Soon the bus will reach the station and it will all begin again. Only when she has sold all her goods and can go back to Bulawayo will she once more live and breathe and stretch and have access to the bathroom when she needs it. If only they had their own room, it would make a big difference. Ruvengo didn’t even answer her the last time she had raised the subject. She shivers at the memory of the hostile looks from the locals.  They resent the presence of their neighbours from the north who take much needed work and accommodation from them. She remembers how lost she had felt when she first went from Matibi to Bulawayo. The other children had laughed at her accent and she had longed for the rocky mountains and the open spaces around her childhood home. Slowly Bulawayo had become home. Maybe one day Egoli would feel like home too.

Tendai thinks of Nokuthula from the flat next door and smiles. They work together at Bruma Flea Market and their children play happily with each other for hours. Nokuthula once said: “You and Ruvengo are like two fish swimming in the opposite direction.
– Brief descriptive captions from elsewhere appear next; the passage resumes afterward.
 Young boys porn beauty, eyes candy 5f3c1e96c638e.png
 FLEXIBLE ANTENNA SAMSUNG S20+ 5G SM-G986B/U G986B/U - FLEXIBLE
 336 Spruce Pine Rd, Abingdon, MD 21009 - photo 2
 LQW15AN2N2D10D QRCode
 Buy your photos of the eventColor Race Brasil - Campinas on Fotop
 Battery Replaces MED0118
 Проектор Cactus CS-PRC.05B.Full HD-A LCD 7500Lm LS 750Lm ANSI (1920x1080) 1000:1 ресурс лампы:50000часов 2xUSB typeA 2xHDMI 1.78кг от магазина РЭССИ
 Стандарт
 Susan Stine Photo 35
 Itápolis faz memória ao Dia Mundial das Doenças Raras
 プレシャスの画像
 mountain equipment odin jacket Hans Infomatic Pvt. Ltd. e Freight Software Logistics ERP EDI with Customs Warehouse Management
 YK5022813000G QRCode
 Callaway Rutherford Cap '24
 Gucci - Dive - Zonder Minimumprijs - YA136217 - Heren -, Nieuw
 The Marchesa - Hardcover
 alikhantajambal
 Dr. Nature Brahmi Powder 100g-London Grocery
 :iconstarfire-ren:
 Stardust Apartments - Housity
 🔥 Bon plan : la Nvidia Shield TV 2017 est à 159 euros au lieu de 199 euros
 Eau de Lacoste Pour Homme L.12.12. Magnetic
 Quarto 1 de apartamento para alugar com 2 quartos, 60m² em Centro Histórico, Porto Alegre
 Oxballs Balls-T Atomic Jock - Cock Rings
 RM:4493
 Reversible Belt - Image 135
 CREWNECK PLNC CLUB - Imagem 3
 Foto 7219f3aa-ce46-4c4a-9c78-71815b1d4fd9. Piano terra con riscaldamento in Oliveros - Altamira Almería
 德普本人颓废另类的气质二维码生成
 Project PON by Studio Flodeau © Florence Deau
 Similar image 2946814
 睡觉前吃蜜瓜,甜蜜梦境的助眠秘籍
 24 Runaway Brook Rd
At the same time you each long for the other to turn around and swim with you.”  What did she mean? All Tendai  knows is that she does not feel like a fish swimming anywhere, but like a chicken in a cage. That’s what she is.  Just like those in the wire cages on the street corners in Hillbrow – all crowded together, laying their eggs through the wire netting to crash useless on the pavement below. They have long forgotten what it is like to roam free under the trees, maybe they never knew. Nokuthula has known another  life, yet she seems happy and free.  Tendai asks herself, “Why do I feel caged? Am I caged at all? Where do I really want to be?”

” Look Mommy, there’s Jo’burg!”  Dudu’s excited voice takes her out of her thoughts into the hustle and bustle of arriving at the station.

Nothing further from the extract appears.